Eli Lilly disclosed on Monday that it has started a Phase Three clinical trial for Olumiant (baricitinib) as a possible COVID-19 drug. Olumiant has already been granted clearance for the treatment of moderate to severe rheumatoid arthritis and Eli Lilly believes it could help prevent cytokine storms in patients with severe coronavirus infections.

The company also believes that Olumiant could block host cells from producing copies of the disease-causing SARS-CoV-2 virus. The trial is one of several efforts by the US biotech group to help contain the coronavirus pandemic which, according to a Reuters report, has killed over 400,000 people worldwide.

The drug is being tested to see if deaths from COVID-19 disease can be reduced and its severity lowered. Lilly scientists agree that baricitinib may help suppress the potentially deadly immune response and diminish the ability of COVID-19 to replicate in infected cells.

Eli Lilly, based in Indianapolis, said the latest study will complement ongoing research of the rheumatoid arthritis drug in partnership with the National Institute of Allergy and Infectious Diseases.

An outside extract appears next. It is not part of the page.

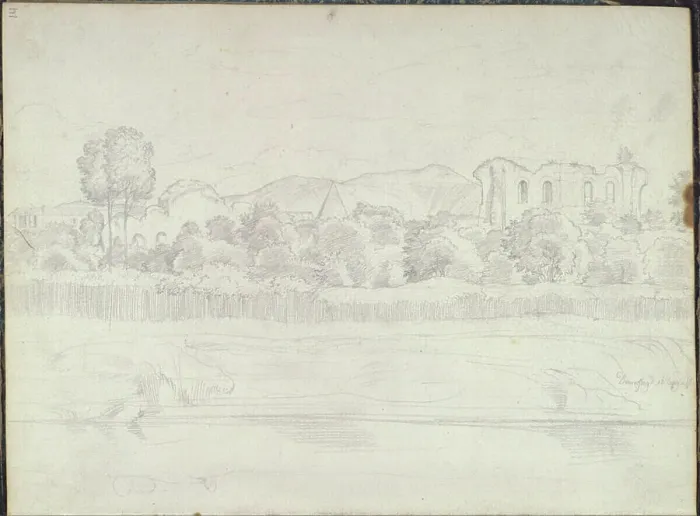 Framed Print : A pencil sketch by Friedrich Olivier from August 16 Framed Print : A pencil sketch by Friedrich Olivier from August 16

Lilly stated it intends to enroll about 400 patients in the double-blind, placebo-controlled study that will include patients hospitalized with SARS-CoV-2 infection who have at least one elevated inflammation marker but do not require invasive mechanical ventilation at the entry to the study.

The study is expected to increase similar efforts to examine the use of baricitinib in conjunction with Gilead Sciences.   Recently Gilead's antiviral drug won U.S. use of emergency authorization.

Gilead's antiviral vaccine recently won emergency authorization use from the U.S. Food and Drug Administration after a study discovered it cut COVID-19 patients' hospital stays by four days or about a third.

Lilly Bio-Medicines president Patrik Jonsson told Fierce Pharma that Olumiant could represent a very important first step in minimizing mortality rates for patients suffering COVID-19. 

"It is not going to be the final step," Jonsson disclosed. Instead, antibody vaccines would represent that "final step" toward quelling COVID-19, he said. For the Phase Three study, Lilly is planning to enroll patients in the US, Europe, and Latin America and expects opening sites where "we see a spike or significant increase" in COVID-19 infections, Angus Liu of Fierce Pharma, reported.

Eli Lilly has launched two additional clinical trials for future therapies with COVID-19. It announced last week it was initiating a Phase 1 trial for JS016, an investigational antibody therapy.

Eli Lilly is working with Junshi Biosciences which will jointly perform a Phase 1 trial in China for JS016. In healthy participants who have not been diagnosed with COVID-19, this trial will test the safety, tolerability, immunogenicity, and pharmacokinetics.